[Image-caption web data]
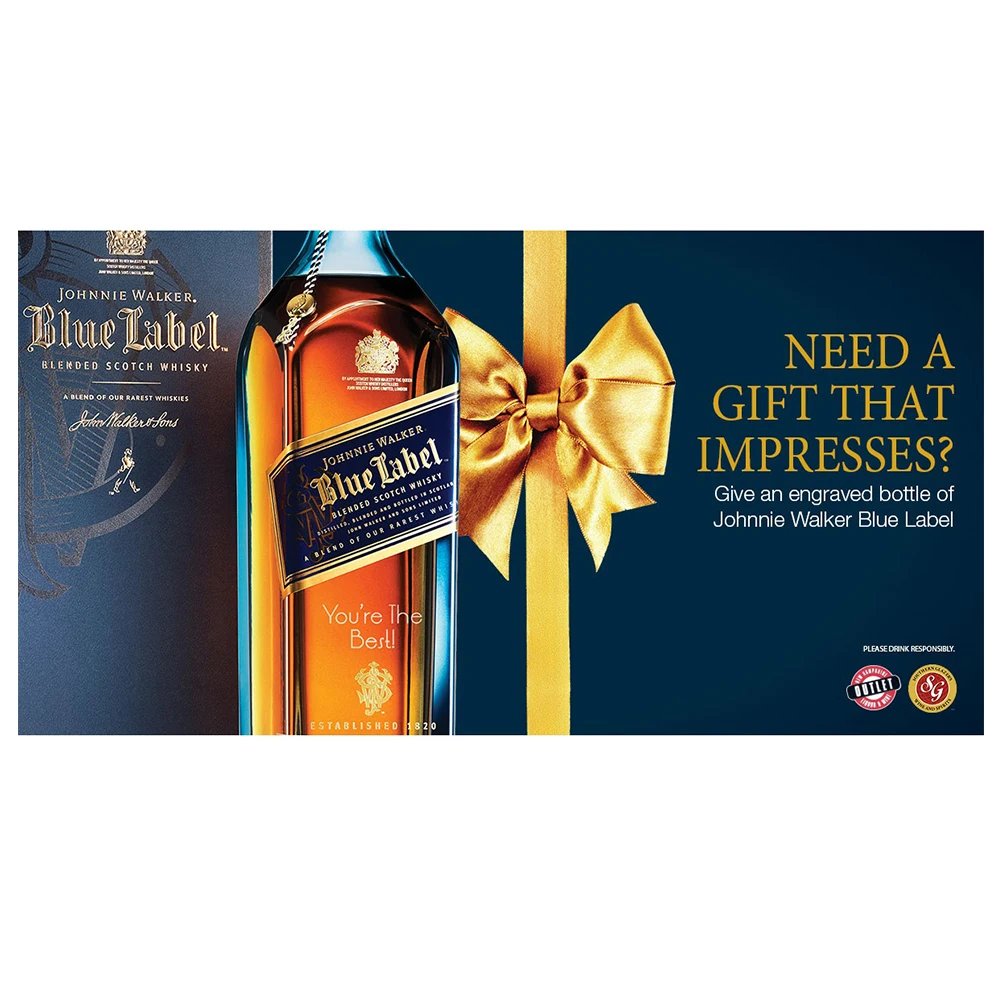 1000ml Whisky-Blue Label 1L 40% alc./vol with Supple Balanced Palate Highland Style Smoke Finish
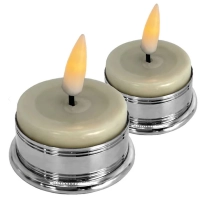 Picture Original pair of real battery-operated LED candles with a pewter base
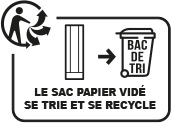 le sac papier vidé se trie et se recycle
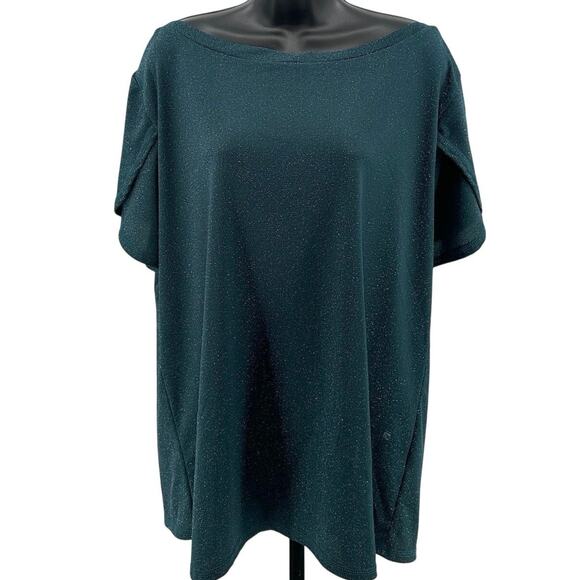 Amaryllis Tops - Amaryllis Blouse WMNS XL  Petal Sleeves Sparkle Emerald Green Boat Neck Top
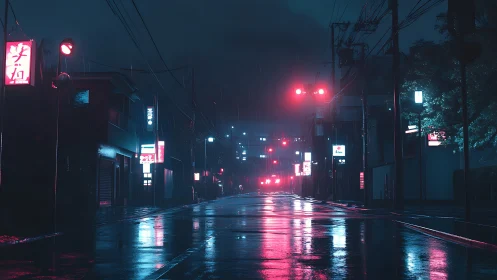 Neon rainlit alley humming in cyan and cherry gloom.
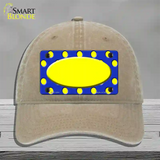 Yellow Royal Blue Polka Dot Center Oval Novelty License Plate Hat Unconstructed Cotton / Khaki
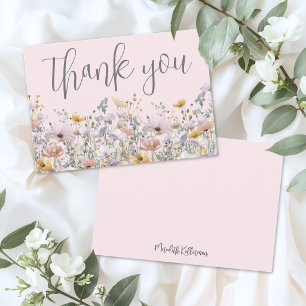 Wildflower Blush Pink Thank You Card
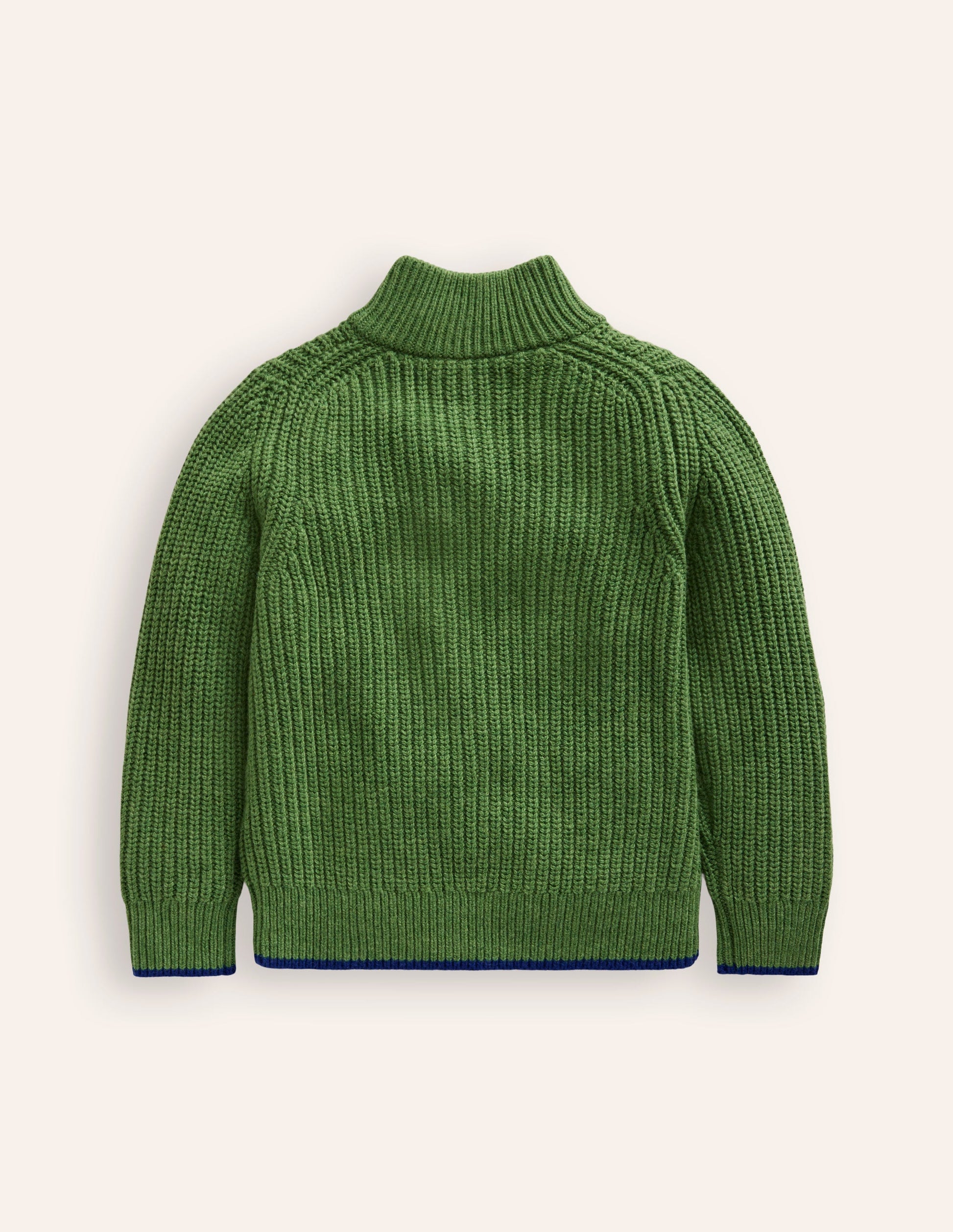 Klassischer Pullover mit halblangem Reißverschluss-Leguangrün-2
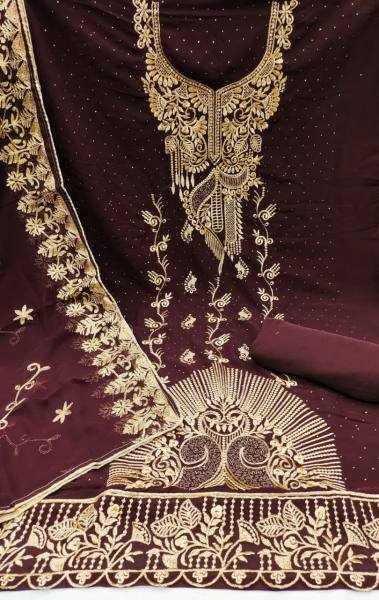 Designer Unstitched Georgette Dress Material for Women at Best Price Color Set Matching Dress Material Wholesale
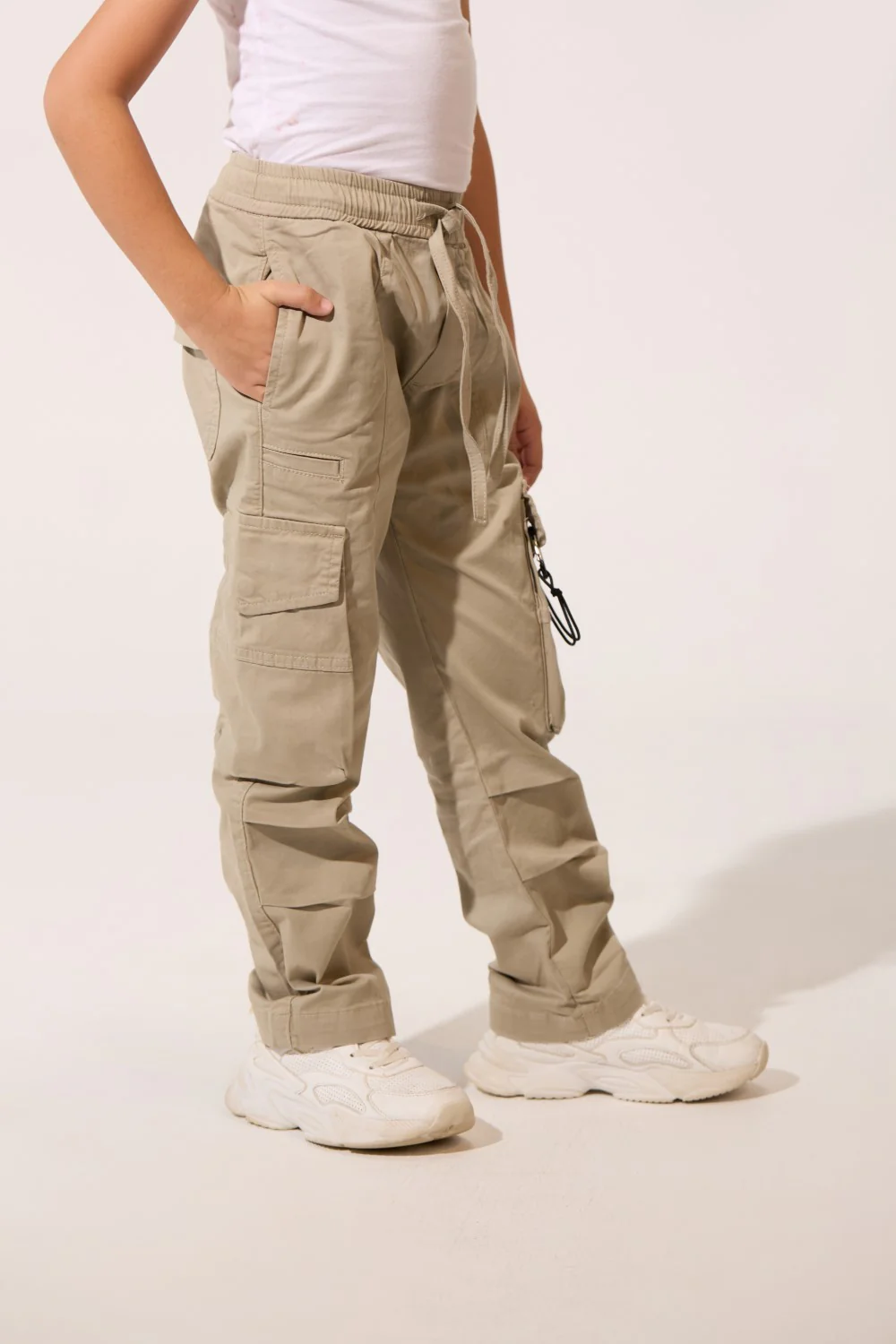 Boy's Wide Leg Gabardine Sherwal Pants With Modern Side Pockets - Image 15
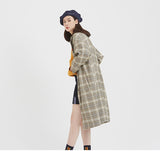 ロマンティッククラウン(ROMANTIC CROWN) Striped Lapel Check Coat_Grey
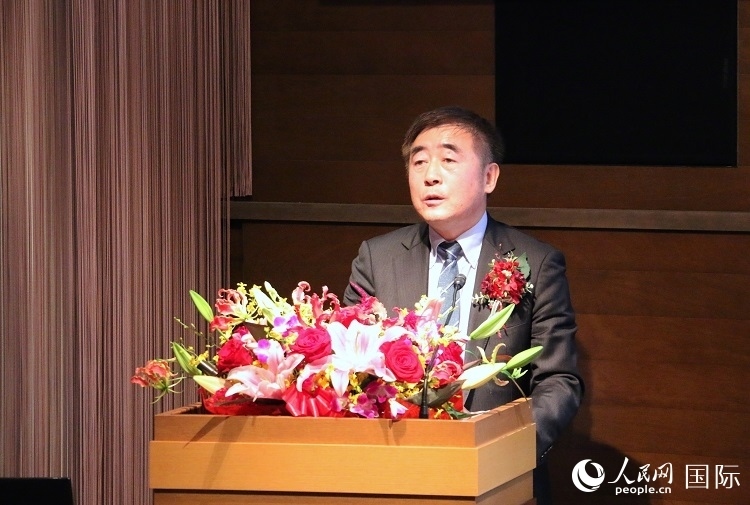 科盟會(huì)長(zhǎng)楊克儉發(fā)表致辭。人民網(wǎng) 許可攝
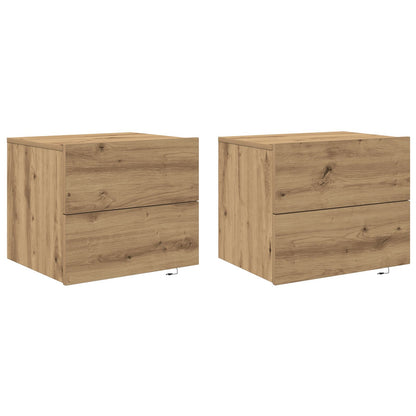 Bedside Cabinets Met Led Lichten Wandgemonteerd 2 Stuks Artisan Eiken Ambachtelijk eiken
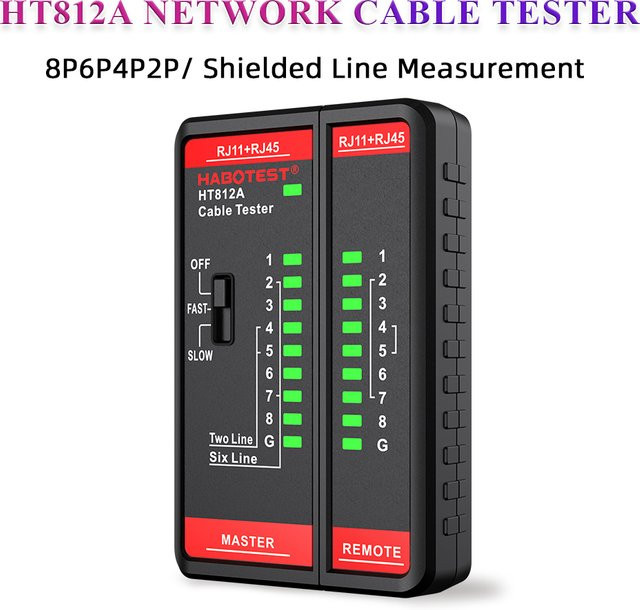 HABOTEST Multifunktions-Netzwerkkabeltester mit RJ45 und RJ11 Anschluss für CAT5/CAT5E/CAT6/CAT6A in Schwarz - Bild 1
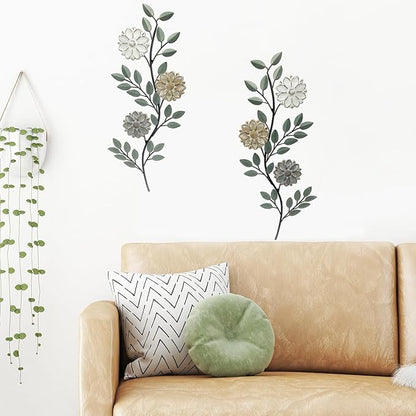 MorningRo 2 Pcs Metal Flower Leaves Wall Art Spring Wall Decor Living Room, 15.75 Inch Vintage Rustic Branch Leaf Wrought Iron Scroll Art Decor for Spring Bedroom Indoor Outdoor Decorations(Green)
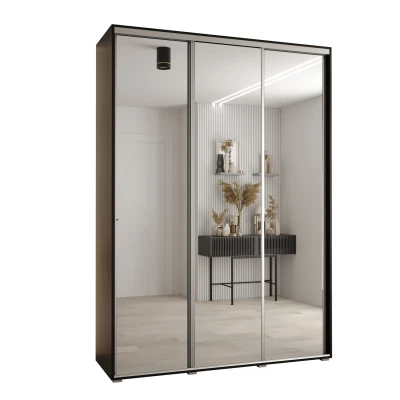 Šatní skříň YVONA 2 - 170/45 cm, černá / stříbrná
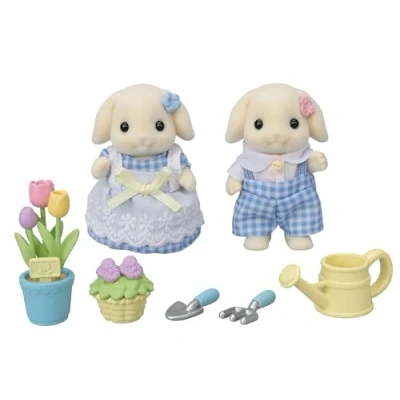 Image of Sylvanian Families 5736 Blossom Gardening Set Flora Rabbit Sister &amp; Brother Dollhouse Playsets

> [Task requirements]:
Could you output the full set of entries exactly, skipping every picture?

> [Solution to the problem]:
 1000ml Whisky-Blue Label 1L 40% alc./vol with Supple Balanced Palate Highland Style Smoke Finish
 Picture Original pair of real battery-operated LED candles with a pewter base
 le sac papier vidé se trie et se recycle
 Amaryllis Tops - Amaryllis Blouse WMNS XL  Petal Sleeves Sparkle Emerald Green Boat Neck Top
 Neon rainlit alley humming in cyan and cherry gloom.
 Yellow Royal Blue Polka Dot Center Oval Novelty License Plate Hat Unconstructed Cotton / Khaki
 Wildflower Blush Pink Thank You Card
 Klassischer Pullover mit halblangem Reißverschluss-Leguangrün-2
 Designer Unstitched Georgette Dress Material for Women at Best Price Color Set Matching Dress Material Wholesale
 Boy's Wide Leg Gabardine Sherwal Pants With Modern Side Pockets - Image 15
 ロマンティッククラウン(ROMANTIC CROWN) Striped Lapel Check Coat_Grey
 科盟會(huì)長(zhǎng)楊克儉發(fā)表致辭。人民網(wǎng) 許可攝
 Bedside Cabinets Met Led Lichten Wandgemonteerd 2 Stuks Artisan Eiken Ambachtelijk eiken
 HABOTEST Multifunktions-Netzwerkkabeltester mit RJ45 und RJ11 Anschluss für CAT5/CAT5E/CAT6/CAT6A in Schwarz - Bild 1
 MorningRo 2 Pcs Metal Flower Leaves Wall Art Spring Wall Decor Living Room, 15.75 Inch Vintage Rustic Branch Leaf Wrought Iron Scroll Art Decor for Spring Bedroom Indoor Outdoor Decorations(Green)
 Šatní skříň YVONA 2 - 170/45 cm, černá / stříbrná
 Image of Sylvanian Families 5736 Blossom Gardening Set Flora Rabbit Sister &amp; Brother Dollhouse Playsets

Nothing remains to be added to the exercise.